Government report bemoans poor success at woodland establishment but ignores urban opportunities.
24th March 2017
A new report “Forestry in England: Seeing the wood for the trees” from the House of Commons Environment, Food and Rural Affairs Committee published on 14th March concludes the current operation of the Countryside Stewardship Scheme which provides environmental incentives for farmers and landowners is “not fit for purpose” and is acting as acting as a barrier to greater woodland creation. The ambition for England to have even the very low figure of 12% woodland cover by 2060 needs a fundamental change to the current complex bureaucratic subsidy system.
The committee quote the Woodland Trust as saying:
“there is so much that trees and woods can deliver across a span of benefits: in terms of commercial timber production but also all the other benefits, such as dealing with floods, dealing with air quality and providing places where people can get physical and mental relaxation.”
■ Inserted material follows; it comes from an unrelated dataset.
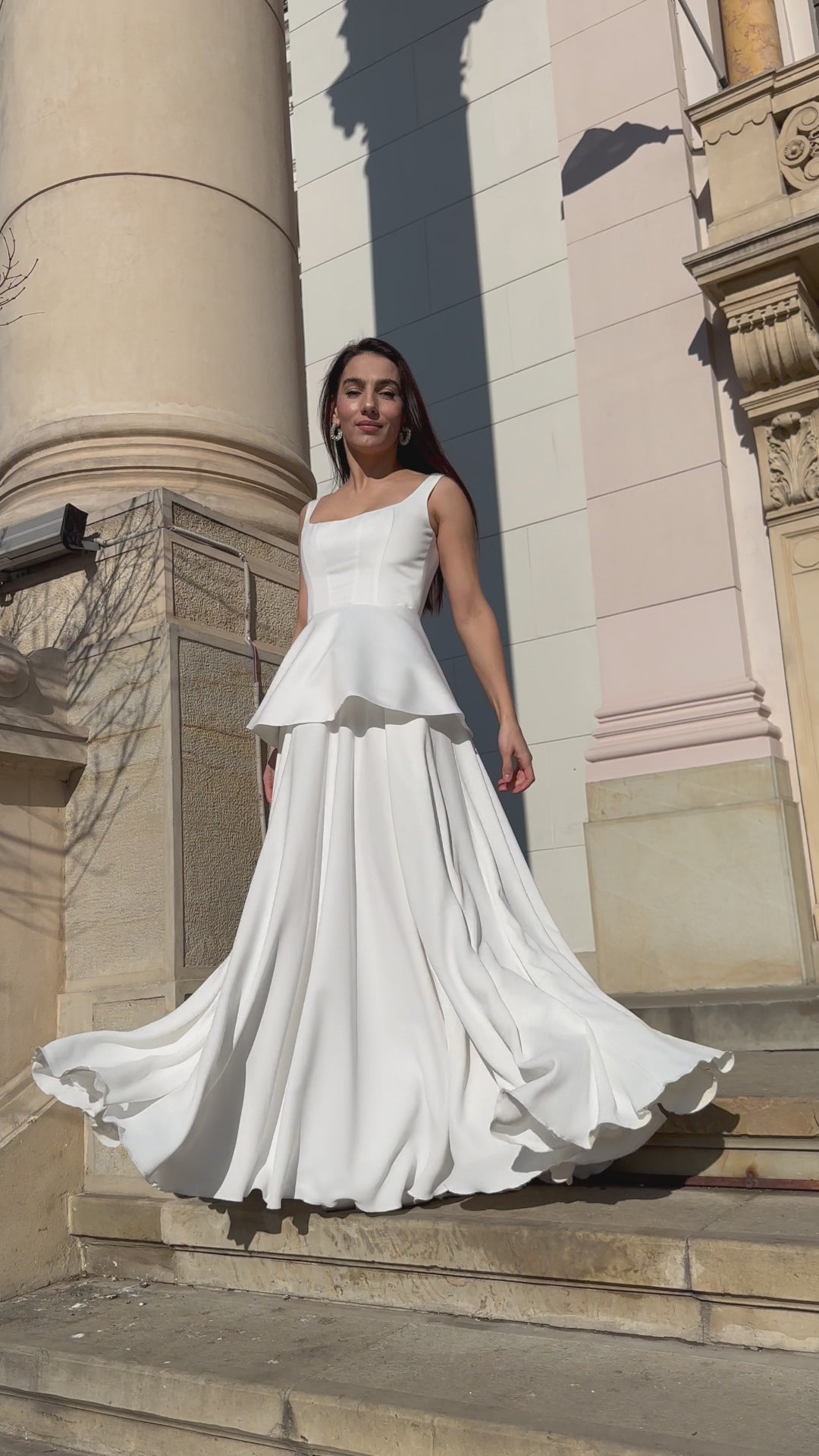 Vestido de novia con peplum desmontable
The frustrating aspect of the report is that within its 38 pages the words “urban” and “garden” do not appear once. The benefits of trees and wooded areas are not confined to the open country, but are arguably even more important for city dwellers. Despite this the focus is entirely on boosting large scale plantations on big estates, some of which would be of limited public benefit.
We know gardens contain upwards of 30 million trees, a quarter of our non-woodland tree stock, and many more are part of wider urban green infrastructure. 83% of UK folk live in the urban environment. It’s time government thinking on trees and woodland took a bit more notice of where they are most needed!